→ Data for the task:
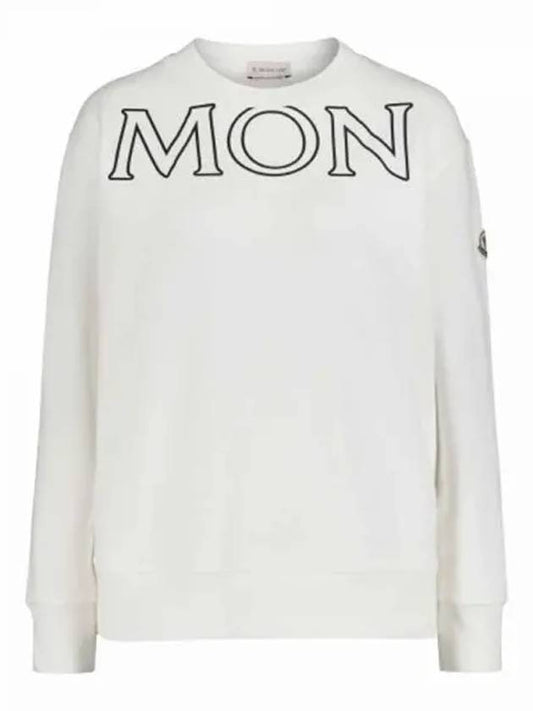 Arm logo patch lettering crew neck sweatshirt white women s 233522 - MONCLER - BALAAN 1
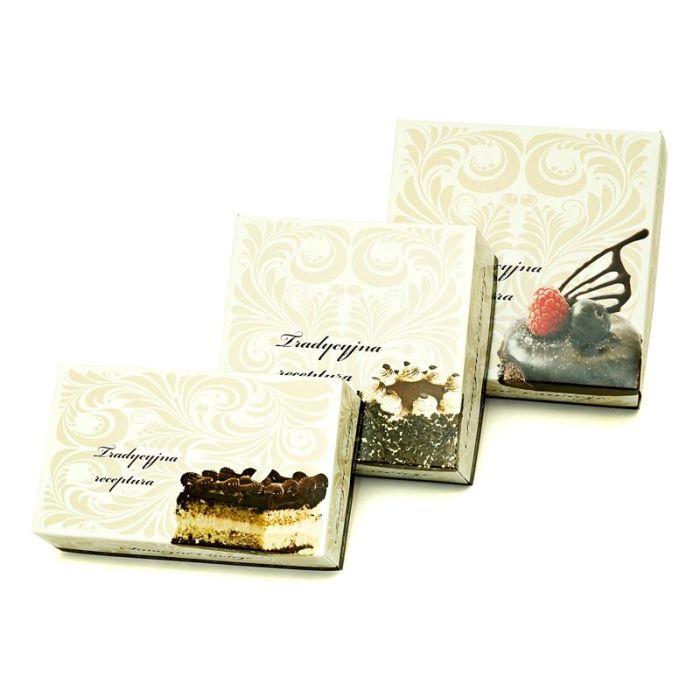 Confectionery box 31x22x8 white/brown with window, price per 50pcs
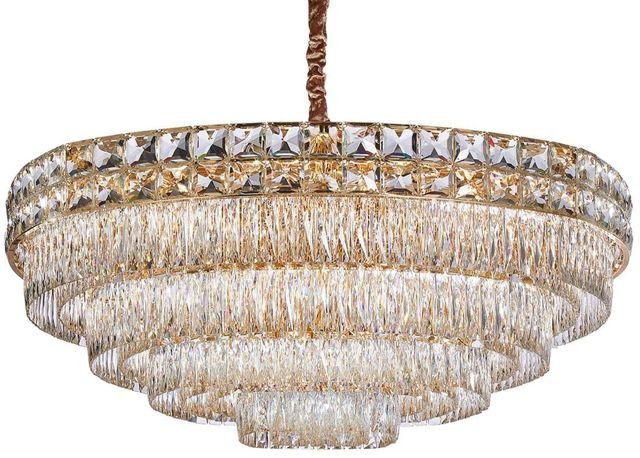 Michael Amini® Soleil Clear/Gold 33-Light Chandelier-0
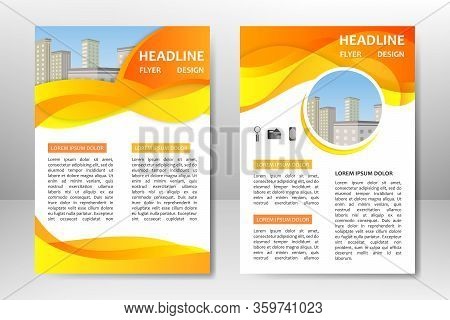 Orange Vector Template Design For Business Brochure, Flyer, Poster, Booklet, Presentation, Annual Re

* * *

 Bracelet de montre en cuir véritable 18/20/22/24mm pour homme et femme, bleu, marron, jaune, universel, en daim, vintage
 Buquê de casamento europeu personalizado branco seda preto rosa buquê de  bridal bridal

→ Work request: Leaving every picture aside, reproduce exactly the lines above from the one with "Confectionery box 31x22x8" up to and including the one with "Orange Vector Template", and no others.

→ Completed task:
 Confectionery box 31x22x8 white/brown with window, price per 50pcs
 Michael Amini® Soleil Clear/Gold 33-Light Chandelier-0
 Orange Vector Template Design For Business Brochure, Flyer, Poster, Booklet, Presentation, Annual Re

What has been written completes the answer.